Huh, I didn't even think about it being available any other way. I need to start checking that stuff out since the hubs gets tired of the same thing, different day.

Somewhere in the back of my brain there is a niggle about that show. And because we don't have any of the movie channels I just didn't pay a lot of attention to it.


----------



## seminole wind (Aug 22, 2015)

With Amazon, you can buy Prime and get free shipping on a ton of stuff, free movies, rental movies, a mass number of them. Also free picture storage for ever. Prime is under $100 a year and me and my daughter swear buy it. Many items are tax free also..I buy a lot of groceries on there too.But watch those prices. And the variety on Amazon is immense and saves me a whole day of going store to store. Most stuff you get shipped to you in 2 days.

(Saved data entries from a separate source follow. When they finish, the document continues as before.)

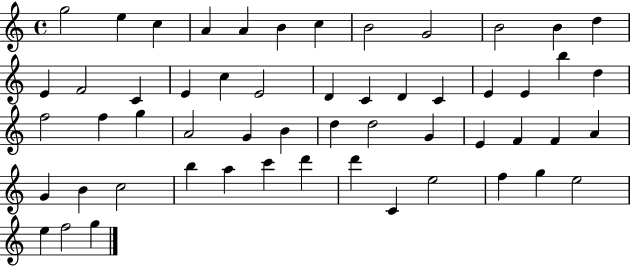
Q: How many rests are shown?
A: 0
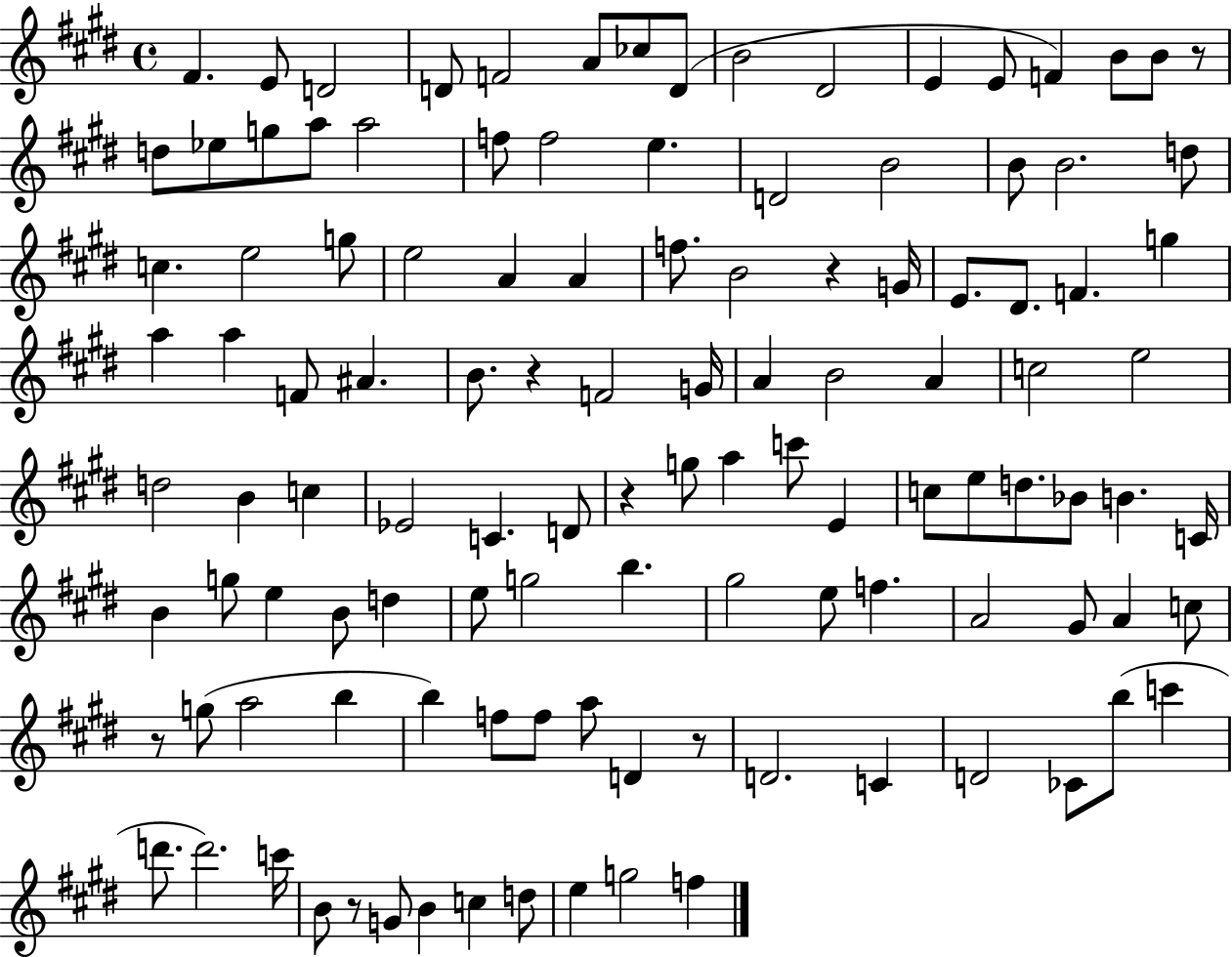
{
  \clef treble
  \time 4/4
  \defaultTimeSignature
  \key e \major
  fis'4. e'8 d'2 | d'8 f'2 a'8 ces''8 d'8( | b'2 dis'2 | e'4 e'8 f'4) b'8 b'8 r8 | \break d''8 ees''8 g''8 a''8 a''2 | f''8 f''2 e''4. | d'2 b'2 | b'8 b'2. d''8 | \break c''4. e''2 g''8 | e''2 a'4 a'4 | f''8. b'2 r4 g'16 | e'8. dis'8. f'4. g''4 | \break a''4 a''4 f'8 ais'4. | b'8. r4 f'2 g'16 | a'4 b'2 a'4 | c''2 e''2 | \break d''2 b'4 c''4 | ees'2 c'4. d'8 | r4 g''8 a''4 c'''8 e'4 | c''8 e''8 d''8. bes'8 b'4. c'16 | \break b'4 g''8 e''4 b'8 d''4 | e''8 g''2 b''4. | gis''2 e''8 f''4. | a'2 gis'8 a'4 c''8 | \break r8 g''8( a''2 b''4 | b''4) f''8 f''8 a''8 d'4 r8 | d'2. c'4 | d'2 ces'8 b''8( c'''4 | \break d'''8. d'''2.) c'''16 | b'8 r8 g'8 b'4 c''4 d''8 | e''4 g''2 f''4 | \bar "|."
}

I don't know about you, but it may be worth it to treat your hubs and you to get regular Wi-Fi and be able to watch You Tube. Band width is so important. Been there at the start of home pc's and I wanted to kill the pc. So aggravating. My stuff is now almost immediate. Also thousands of books that I buy used for 1 cent and $4 shipping. 4 bucks is cheap for a book. I watch movies on my laptop all the time.


----------



## nannypattyrn (Aug 23, 2015)

We have amazon prime. It's well worth the $$.


----------



## robin416 (Sep 8, 2013)

I really don't order enough from Amazon to justify the expense. I can find whatever I need locally for the most part. And you've really got to watch the prices. I bought cage clips from Jeffers last week for 3$. The cheapest I found on Amazon, same manufacturer was 6$.

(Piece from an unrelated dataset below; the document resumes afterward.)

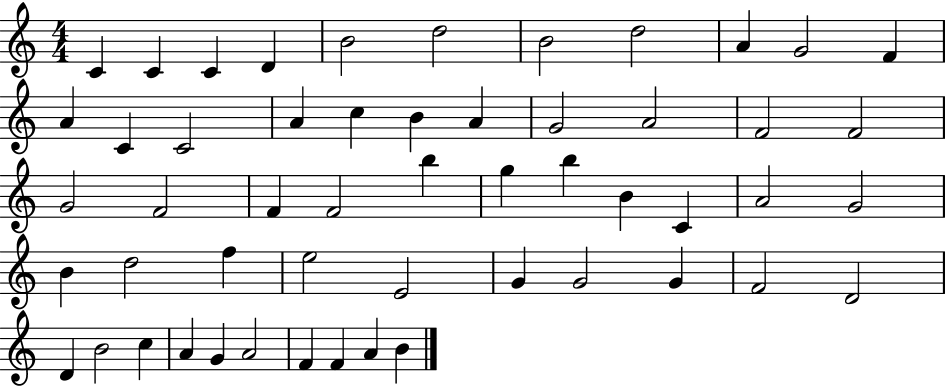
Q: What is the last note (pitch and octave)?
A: B4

What do you mean about regular wifi, Karen? I don't know of anything available out there that is not metered. Hughes (won't let them in my life again) costs a ton and is not stable enough. I am using wifi for internet access but again, it's metered.


----------



## seminole wind (Aug 22, 2015)

I just have cable and it has wifi with it. Metered? I don't know. I do know that my son in law uses his cell phone as a hot spot, meaning that he is giving his laptop wifi thru his phone. I think they charge about $25.00 a month for that.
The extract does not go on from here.